=== Work instructions ===
The records below must be output exactly, without pictures.

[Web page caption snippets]
┌────────
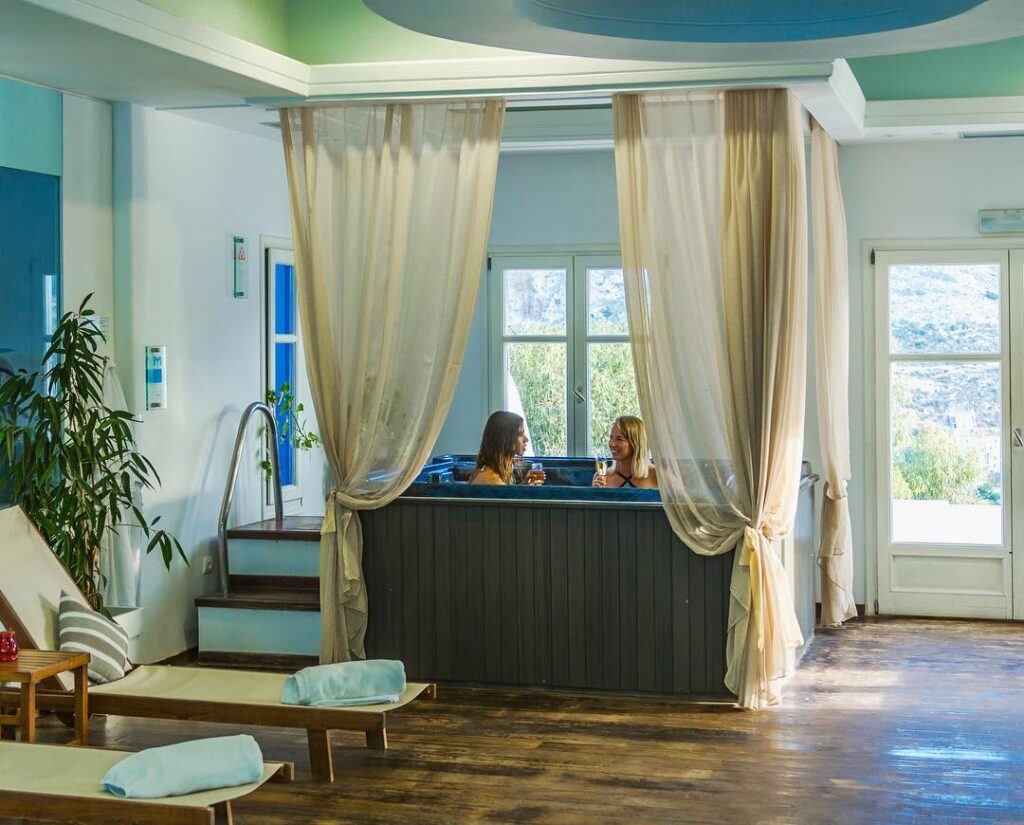 Two women enjoying a relaxing moment in the indoor jacuzzi at Aegialis Hotel & Spa, Greece.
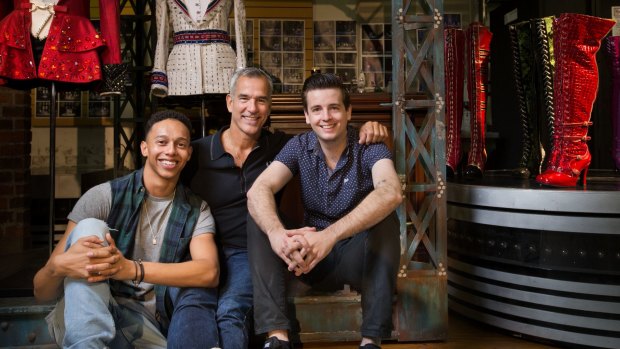 Director Jerry Mitchell (centre) with actors Callum Francis and Toby Francis, and some of the sparkling costumes from <i>Kinky Boots</i>.
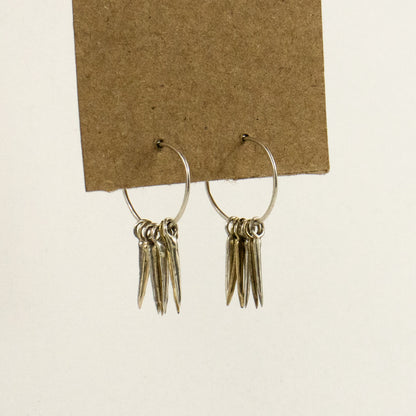 Four solid reclaimed sterling silver and three brass 0.5 inch snake-spikes on handmade sterling hoops handmade and finished in our Catskills store-studio and available as singles to mix-and-match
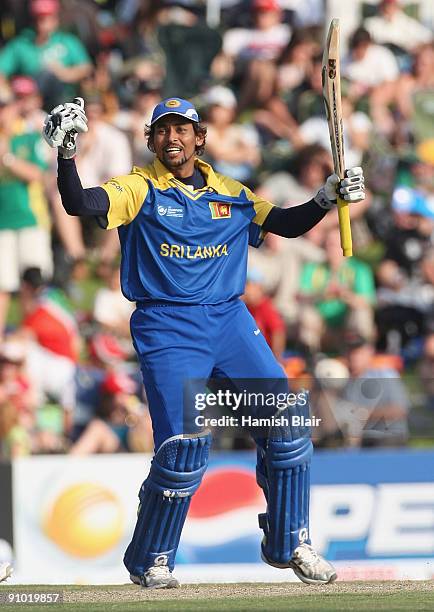 Tillakaratne Dilshan of Sri Lanka celebrates his century during the ICC Champions Trophy Group B match between South Africa and Sri Lanka played at...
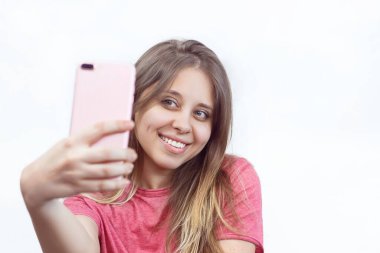 Pembe tişörtlü, selfie çeken beyaz, mutlu bir kızın portresi. İzole edilmiş beyaz arka plan. Gerçekten samimi duygular. Güzel bir gülüşü olan genç bir kadın. Doğal renkte dişler bile.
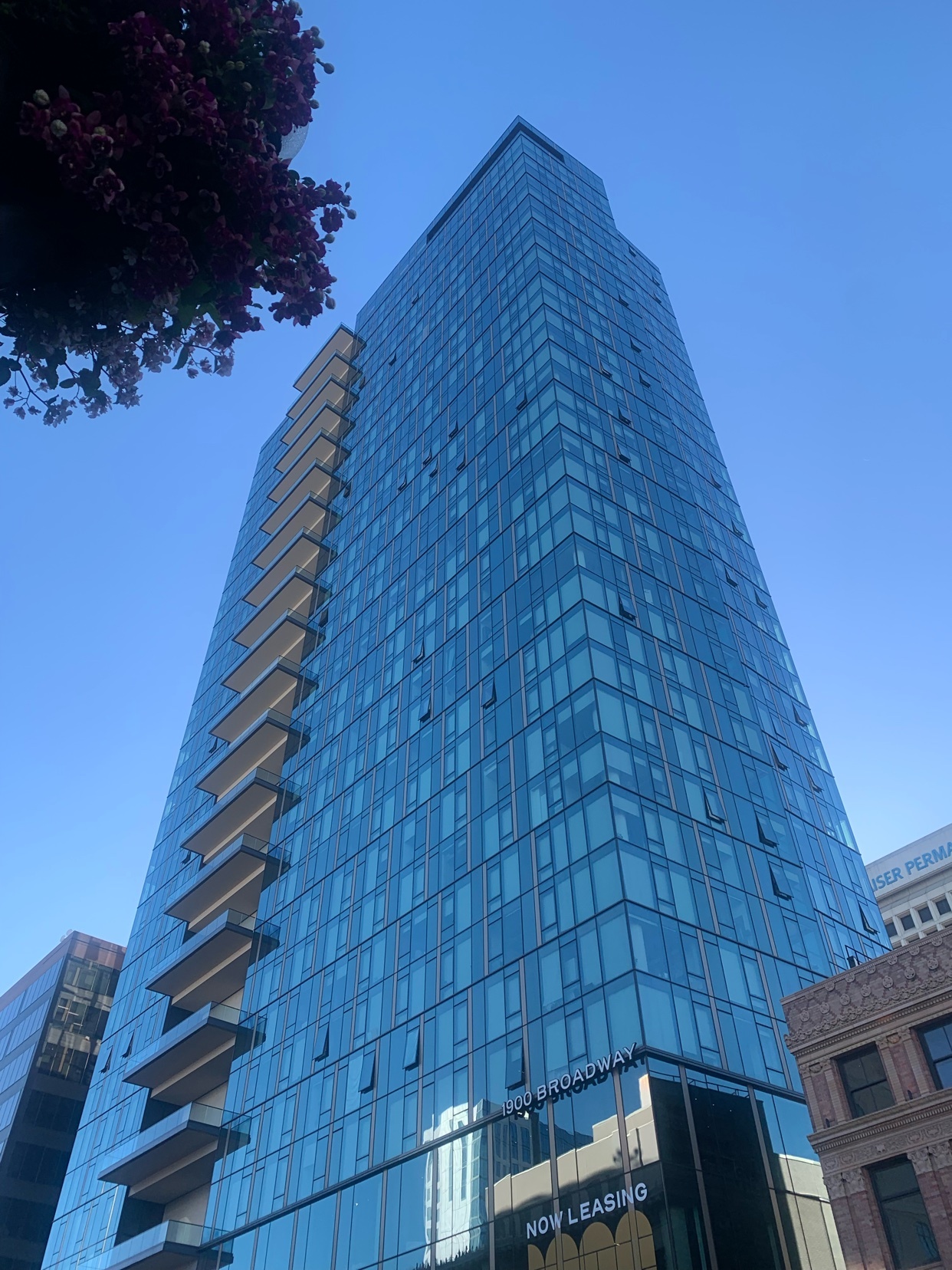 A modern glass skyscraper with balconies reaches towards a clear blue sky. The building features a 'Now Leasing' sign on its lower levels, indicating available apartments or office spaces.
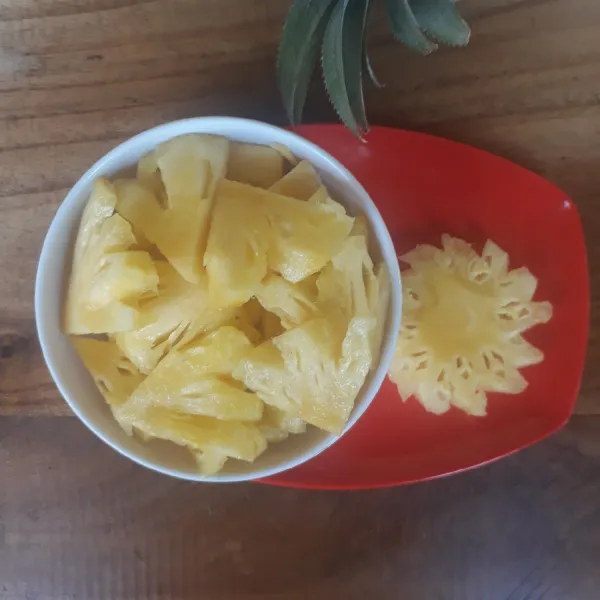 Kupas dan potong-potong buah nanas.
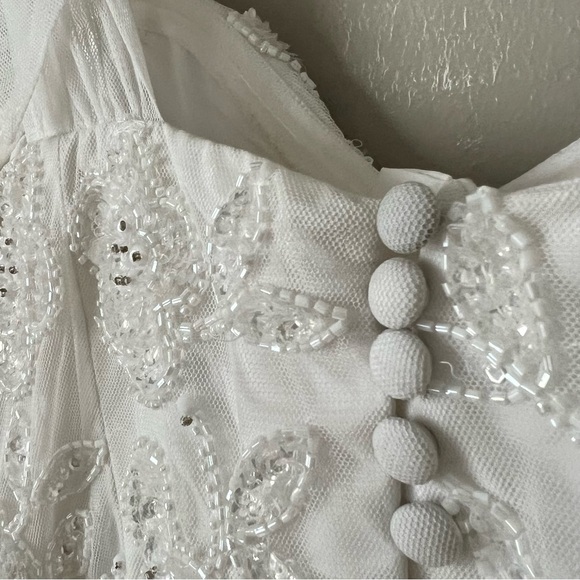 ASOS DESIGN Mila Floral Embellished Mesh Wedding Dress with Tie Straps in Ivory - Picture 8 of 8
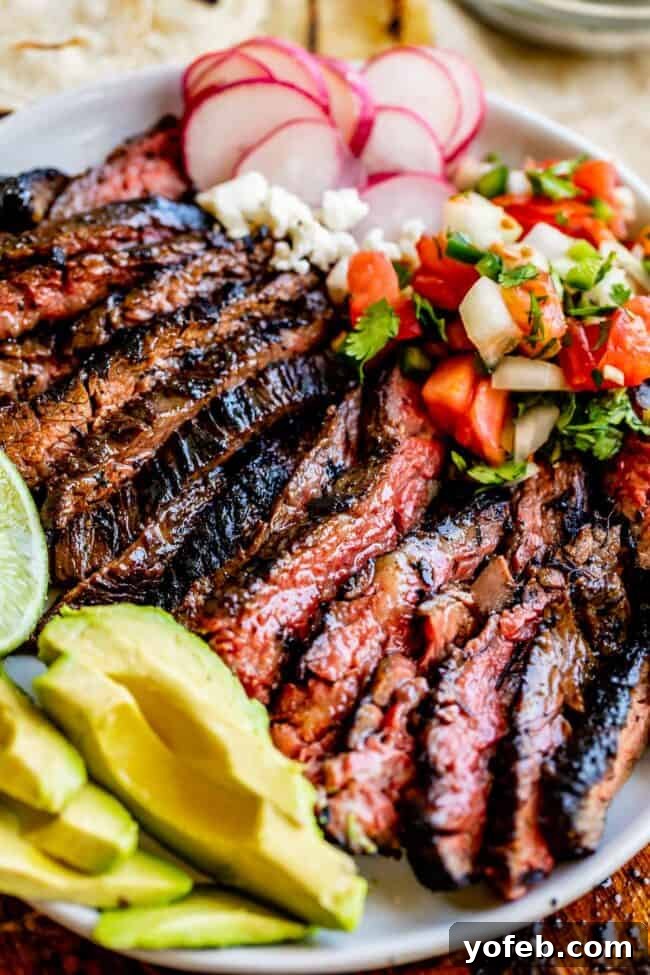 Mastering Carne Asada 3 carne asada recipe on a place with garnishes.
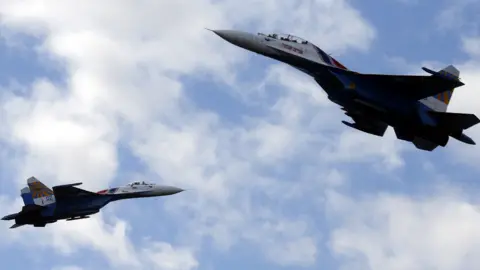 EPA Two Russian SU-27s performing during the International Maritime Defence Show in Russia in 2015
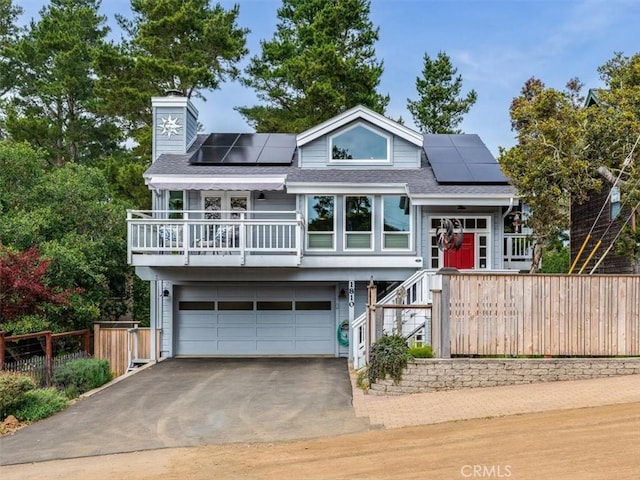 view of front facade with roof mounted solar panels, an attached garage, a chimney, and driveway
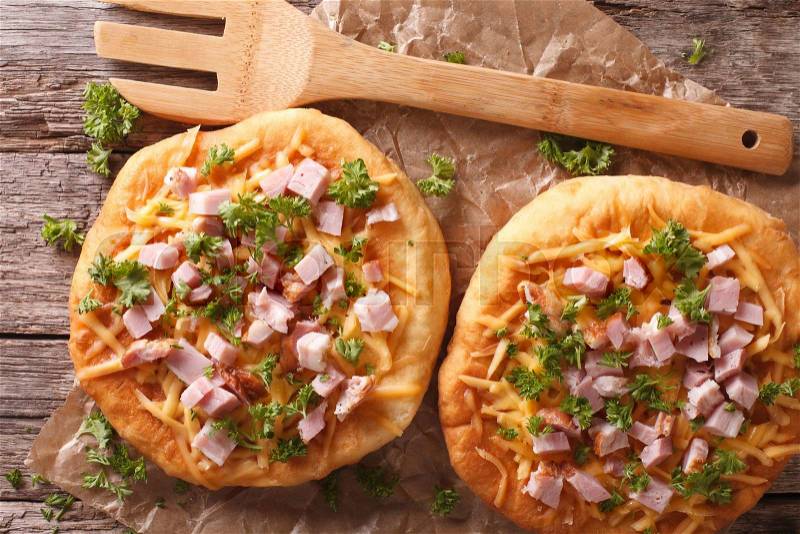 Hungarian pancakes langos with ham and cheese close-up on the table. horizontalview from above , stock photo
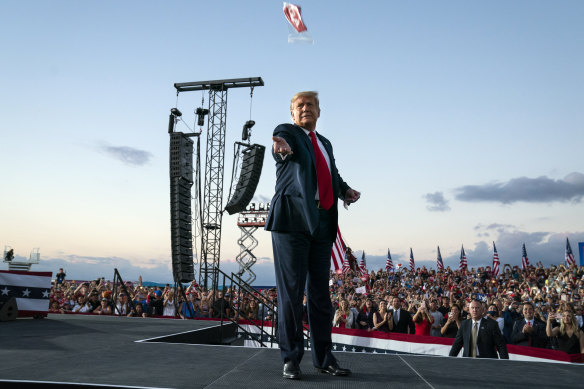 President Donald Trump throws face masks into the crowd as he arrives for a campaign rally at Orlando Sanford International Airport.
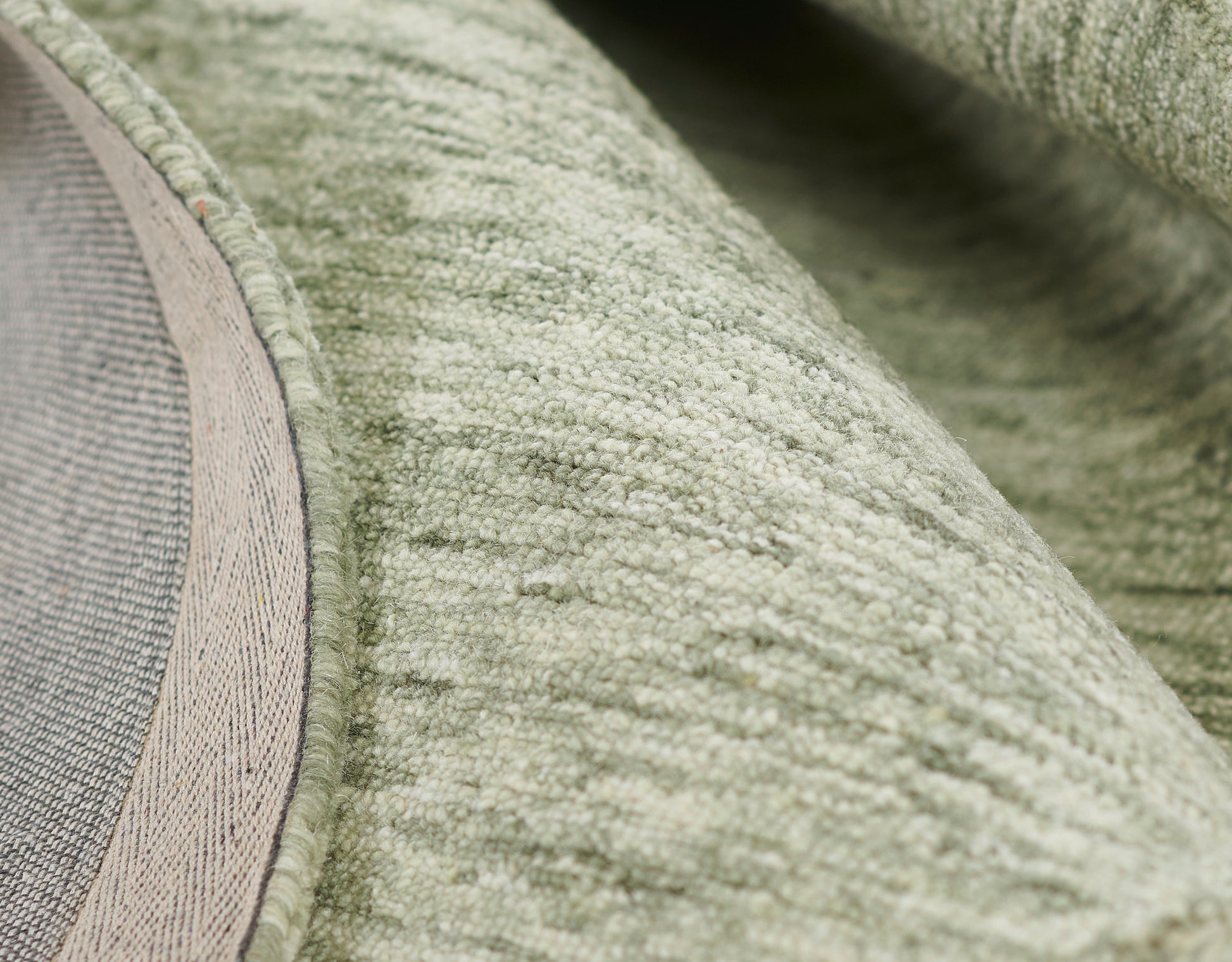 Close-up of sage green plush rug with soft loop pile and beige edging.
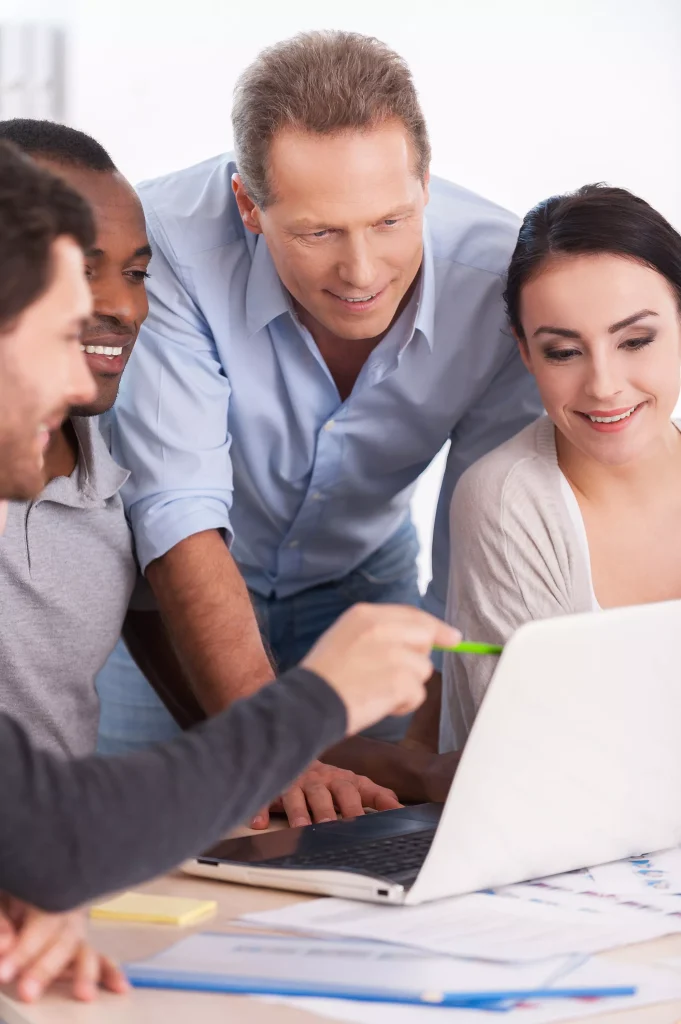 Four people looking at a laptop screen together and smiling.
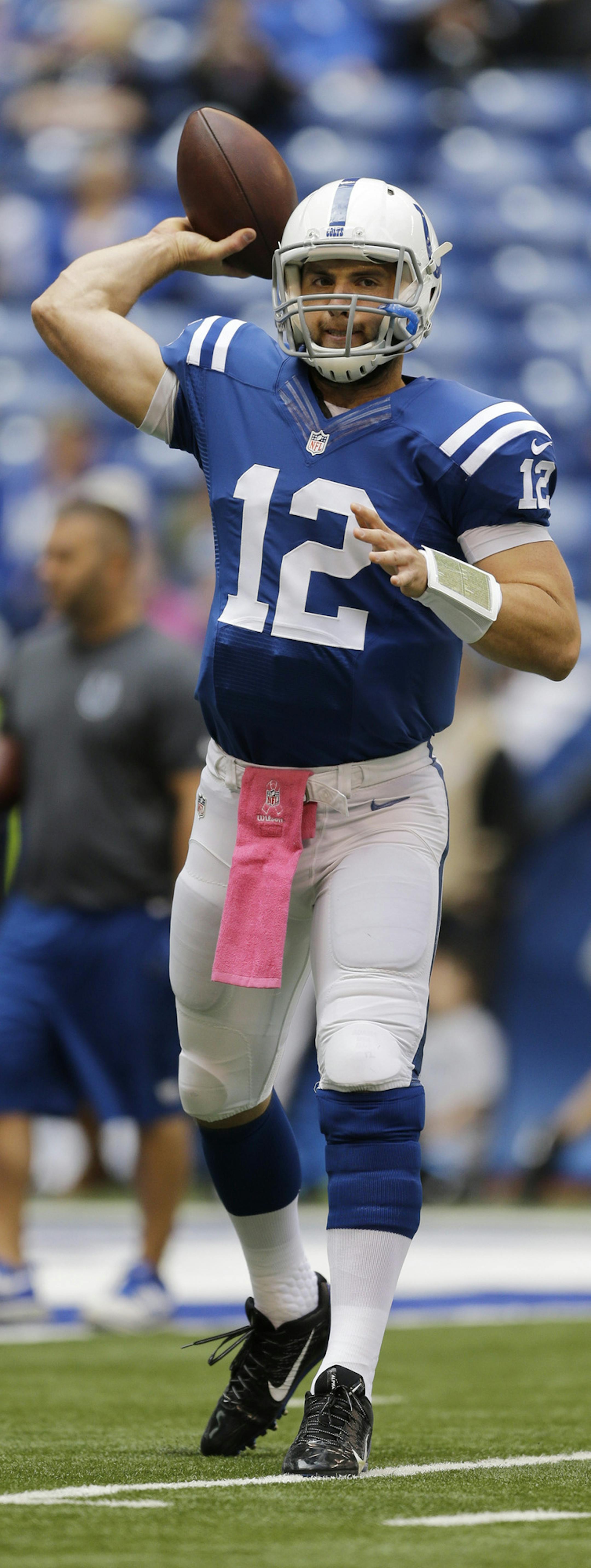 Indianapolis Colts quarterback Andrew Luck throws before an NFL football game between the Indianapolis Colts and the Baltimore Ravens in Indianapolis, Sunday, Oct. 5, 2014. (AP Photo/Jeff Roberson)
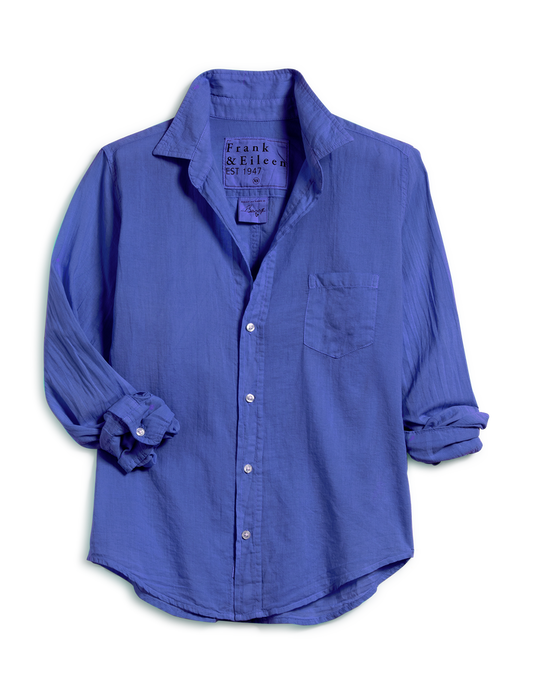 A blue long-sleeve button-down shirt by Frank & Eileen, featuring a chest pocket and rolled-up sleeves, displayed on a clean white background.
└────────
=== Result of the task ===
 Two women enjoying a relaxing moment in the indoor jacuzzi at Aegialis Hotel & Spa, Greece.
 Director Jerry Mitchell (centre) with actors Callum Francis and Toby Francis, and some of the sparkling costumes from <i>Kinky Boots</i>.
 Four solid reclaimed sterling silver and three brass 0.5 inch snake-spikes on handmade sterling hoops handmade and finished in our Catskills store-studio and available as singles to mix-and-match
 Tillakaratne Dilshan of Sri Lanka celebrates his century during the ICC Champions Trophy Group B match between South Africa and Sri Lanka played at...
 Pembe tişörtlü, selfie çeken beyaz, mutlu bir kızın portresi. İzole edilmiş beyaz arka plan. Gerçekten samimi duygular. Güzel bir gülüşü olan genç bir kadın. Doğal renkte dişler bile.
 A modern glass skyscraper with balconies reaches towards a clear blue sky. The building features a 'Now Leasing' sign on its lower levels, indicating available apartments or office spaces.
 Kupas dan potong-potong buah nanas.
 ASOS DESIGN Mila Floral Embellished Mesh Wedding Dress with Tie Straps in Ivory - Picture 8 of 8
 Mastering Carne Asada 3 carne asada recipe on a place with garnishes.
 EPA Two Russian SU-27s performing during the International Maritime Defence Show in Russia in 2015
 view of front facade with roof mounted solar panels, an attached garage, a chimney, and driveway
 Hungarian pancakes langos with ham and cheese close-up on the table. horizontalview from above , stock photo
 President Donald Trump throws face masks into the crowd as he arrives for a campaign rally at Orlando Sanford International Airport.
 Close-up of sage green plush rug with soft loop pile and beige edging.
 Four people looking at a laptop screen together and smiling.
 Indianapolis Colts quarterback Andrew Luck throws before an NFL football game between the Indianapolis Colts and the Baltimore Ravens in Indianapolis, Sunday, Oct. 5, 2014. (AP Photo/Jeff Roberson)
 A blue long-sleeve button-down shirt by Frank & Eileen, featuring a chest pocket and rolled-up sleeves, displayed on a clean white background.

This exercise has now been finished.